The modulation spectrum of ship radiated noise contains information on shaft frequency, which is an important feature used to identify ships and a key parameter involved in calculating the number of propeller blades. To improve the shaft frequency extraction accuracy, a ship shaft frequency extraction method based on an improved stacked sparse denoising auto-encoder network (SSDAE) is proposed. Firstly, the mathematical model of the ship radiated noise modulation spectrum is built and data simulation is carried out based on this model, combined with the actual ship parameters. Secondly, we trained the SSDAE model using the simulation data and made slight adjustments to this model by using both simulation and measured data to improve it. Finally, the experimental ship modulation spectrum information was input to the SSDAE model for denoising, enhancement, and regression estimation. Accordingly, the shaft frequency was extracted. The simulation and experimental results show that the shaft frequency extraction method based on the improved SSDAE model has high accuracy and good robustness, especially under the conditions of both missing line spectra and noise interference.

1. Introduction

In the process of a ship’s movement, propeller blades cut the water flow, creating ship radiated noise with a periodic fluctuation envelope, which is audibly expressed as a rhythmic time-varying loudness characteristic [1]. Therefore, the envelope spectrum of ship radiated noise carries information such as shaft frequency and propeller number [2], which can be used for ship identification with high robustness. In practical applications, the accurate extraction of shaft frequency is a key step in calculating the number of propeller blades, which plays an important role in the field of passive sonar target recognition.

At present, researchers have carried out much work concerning shaft frequency feature extraction and have achieved considerable results in mathematical modeling [3,4,5]. These studies reveal the physical mechanism of the modulation phenomenon of ship radiated noise, and provide a mathematical basis for the simulation of ship modulation spectrum data. In terms of shaft frequency extraction, a maximum likelihood estimation method of propeller speed is proposed in [6], and a closed-loop detection method for shaft frequency in propeller noise is proposed in [7]. In the work of [8], the application of a Duffing oscillator in extracting line spectrum of weak amplitude demodulation of ship radiated noise is studied.
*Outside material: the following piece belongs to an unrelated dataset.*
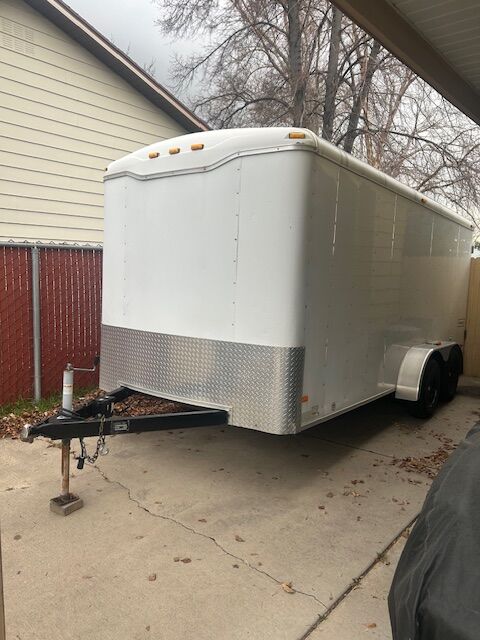 7x16 2006 Haulmark trailer $5500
In the work of [9], a new method of envelope line spectrum denoising based on complementary integrated empirical mode decomposition (CEEMD) and wavelet threshold is investigated. The auditory spectrum extraction technology is improved to obtain a significant envelope spectrum at a low signal-to-noise ratio in the work of [10]. In the work of [11], a method for extracting the frequency characteristics of the ship radiated noise envelope using a dual frequency method is proposed. The propeller shaft frequency feature extraction algorithm for underwater acoustic targets based on the average energy accumulation and pulse sequence matching is proposed in [12]. These methods determine the value of shaft frequency by looking for harmonic line spectrum clusters generated by propeller blade modulation, which is better for shaft frequency extraction of high-quality modulation spectra. However, due to the shaft imbalance of propeller blade assembly, the envelope spectrum of ship radiated noise usually has different degrees of missing line spectra [5]. In addition, the envelope spectrum tends to have a low signal-to-noise ratio and is prone to non-harmonic line spectra due to the interference of environmental and other ship radiated noise [13]. These questions are not widely appreciated in existing studies and are the factors that cause inaccuracy with respect to shaft frequency extraction by traditional methods.
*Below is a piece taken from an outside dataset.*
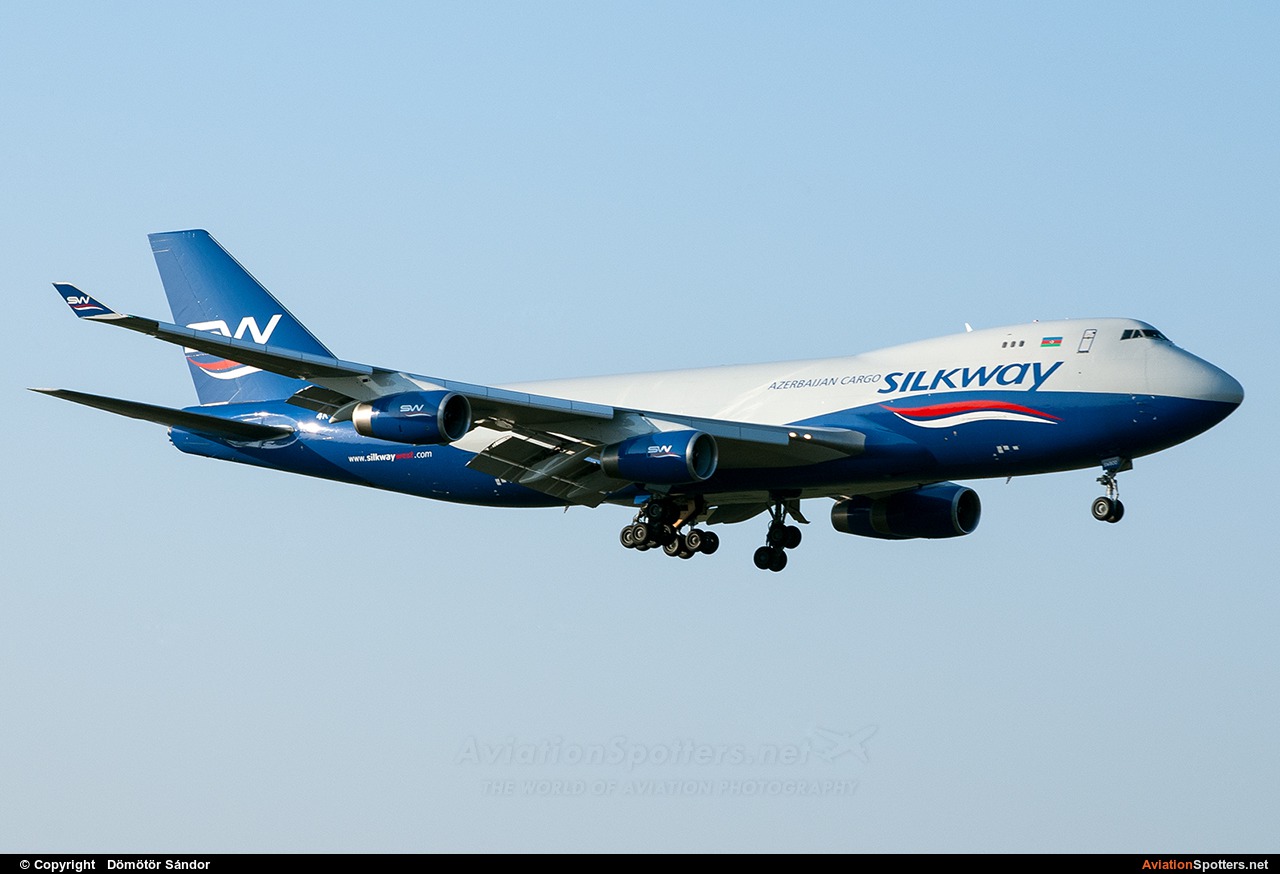 Silk Way Airlines  -  747-400F  (4K-SW800) By Dömötör Sándor (mat1899)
Deep learning has achieved remarkable results in the fields of speech recognition and computer vision. In recent years, deep learning models such as deep neural networks, auto-encoder networks, and convolutional neural networks have been widely used for line spectrum enhancement and target recognition of ship radiated noise [14,15,16,17,18,19]. Deep learning can fit the complex mapping relationship from input to output through data learning to achieve tasks of target classification and regression prediction [20,21]. It has a powerful nonlinear modeling ability and is an effective means to deal with nonlinear problems in ship shaft frequency extraction.
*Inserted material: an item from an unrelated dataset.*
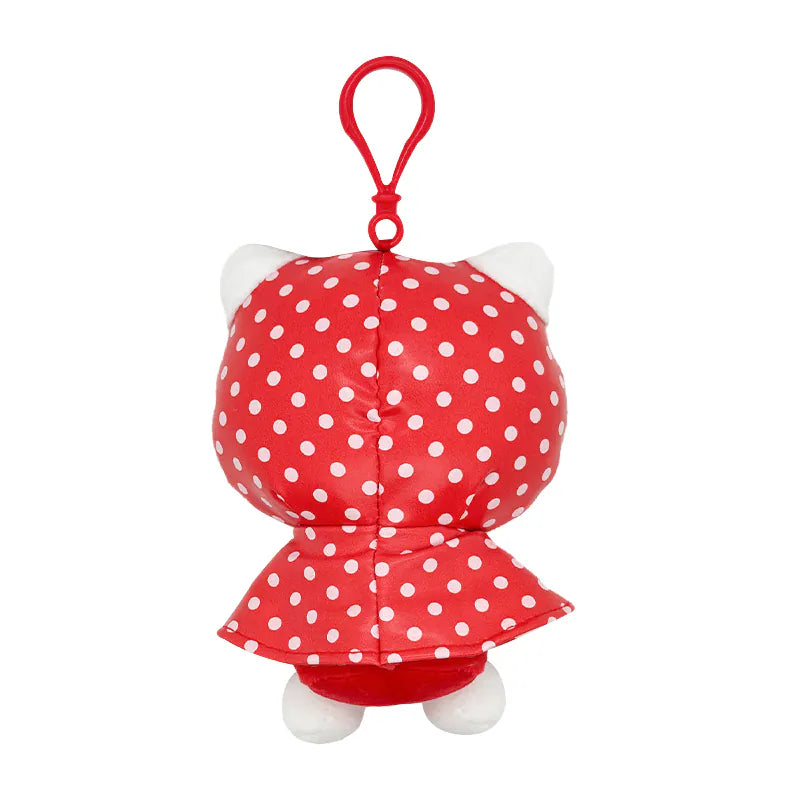 Hello Kitty Raincoat Mascot Clip On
To improve the accuracy of shaft frequency extraction in the case of a missing line spectrum and low signal-to-noise ratio, a ship shaft frequency extraction method based on improved SSDAE is proposed in this paper. In this method, SSDAE is used to enhance the propeller shaft frequency line spectrum and its harmonic line spectrum, and the depth regression network is used to accurately estimate the ship shaft frequency. Experimental results show that the robustness and the accuracy of shaft frequency extraction are improved in the above cases. Additionally, this method has better stability under different spindle speeds and has obvious advantages over the traditional algorithm in computing speed. It has high practical application value in the target recognition system of the passive sonar platform.

The remainder of this paper is organized as follows. In Section 2, we build the mathematical model of ship radiation noise modulation spectrum. In Section 3, we propose the improved SSDAE network model. The training and fine-tuning methods for improved SSDAE are presented in Section 4. Experiment and result analysis of shaft frequency extraction are demonstrated in Section 5. The conclusions of this work are highlighted in Section 6.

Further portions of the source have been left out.